Opinion
57016.
ARGUED JANUARY 15, 1979.
DECIDED FEBRUARY 13, 1979.
Theft by receiving. Cherokee Superior Court. Before Judge Pope.
Michael B. Perry, for appellant.
Frank C. Mills, III, District Attorney, for appellee.
The appellant, Charles E. Portis, was convicted of numerous counts of receiving stolen property and additional counts of obliterating and changing the vehicle identification number on automobiles or parts of automobiles. In substance, the state showed a scheme in which Portis would buy wrecked cars, obtain the title thereto and thereafter steal or cause to be stolen, vehicles similar to the wrecked ones. The VIN numbers would then be exchanged from the wrecked auto to the stolen one which would then be sold as a rebuilt car. On a number of the autos or parts of autos, the state showed that the confidential VIN had been obliterated. Portis was sentenced to 21 years. He appeals the conviction raising a plethora of alleged errors.

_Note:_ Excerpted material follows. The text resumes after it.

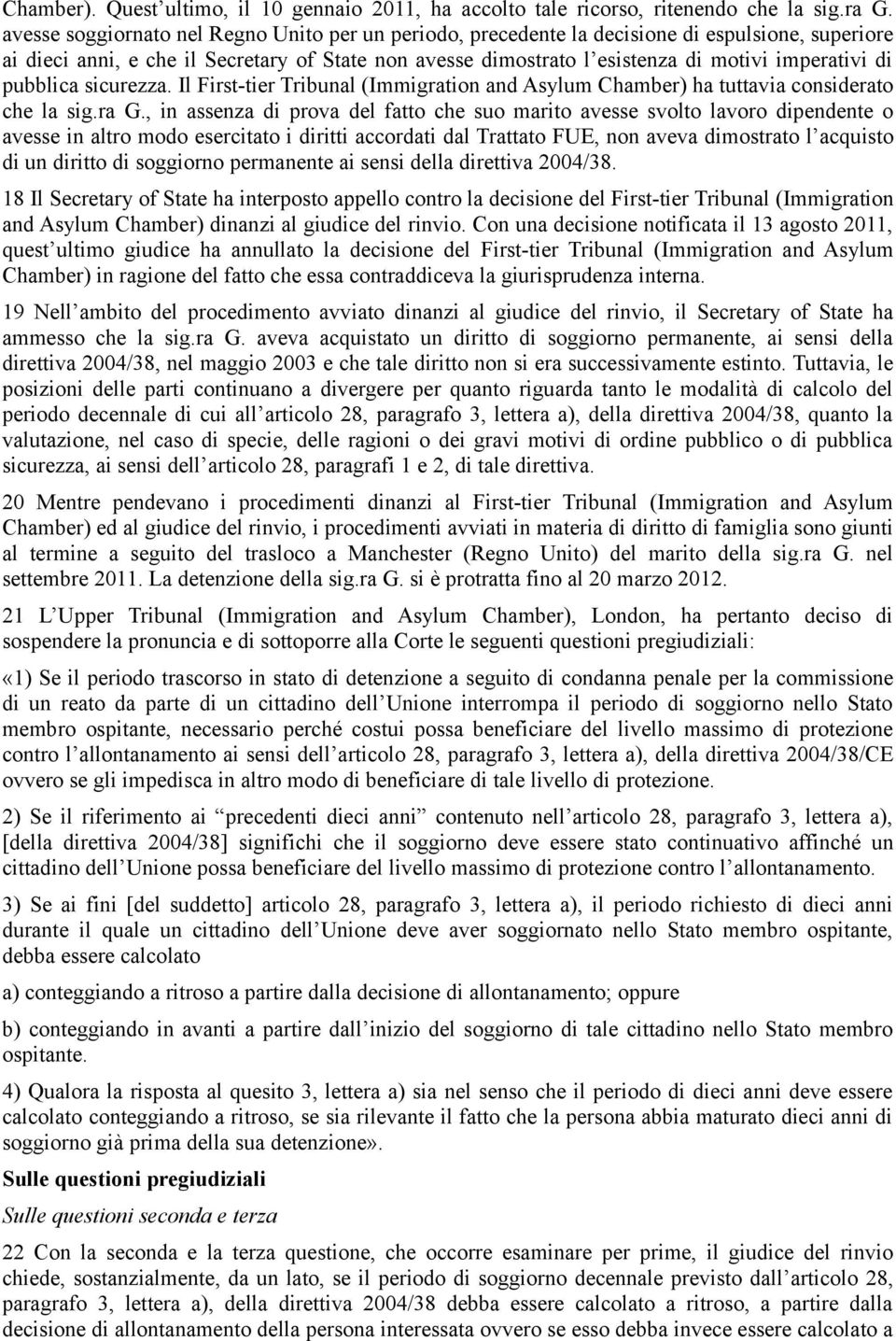 di pubblica sicurezza. Il First-tier Tribunal (Immigration and Asylum Chamber) ha tuttavia considerato che la sig.ra G.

Held:
Portis has raised nine enumerated errors. However, when one looks to the subsections of these enumerations and the several facets of some of the subsections, we are faced with approximately 35 attacks upon the conviction and sentence.
These enumerations concern themselves with motions to suppress the fruits of several successive searches and seizures alleging lack of consent in a warrantless search, insufficient description in a warrant, absence of a neutral and detached magistrate, a secondary evidence objection to a warrant, and failure by the state to carry its burden in showing a valid warrant.
Other enumerations urge the denial of general and special demurrers to the indictments for failure adequately to specify the offenses charged, that the offenses alleged are not crimes in this state, failure of proof of the offenses as charged, an illegal arrest based upon a non-offense and basing an arrest upon a warrant stating non-existent offenses.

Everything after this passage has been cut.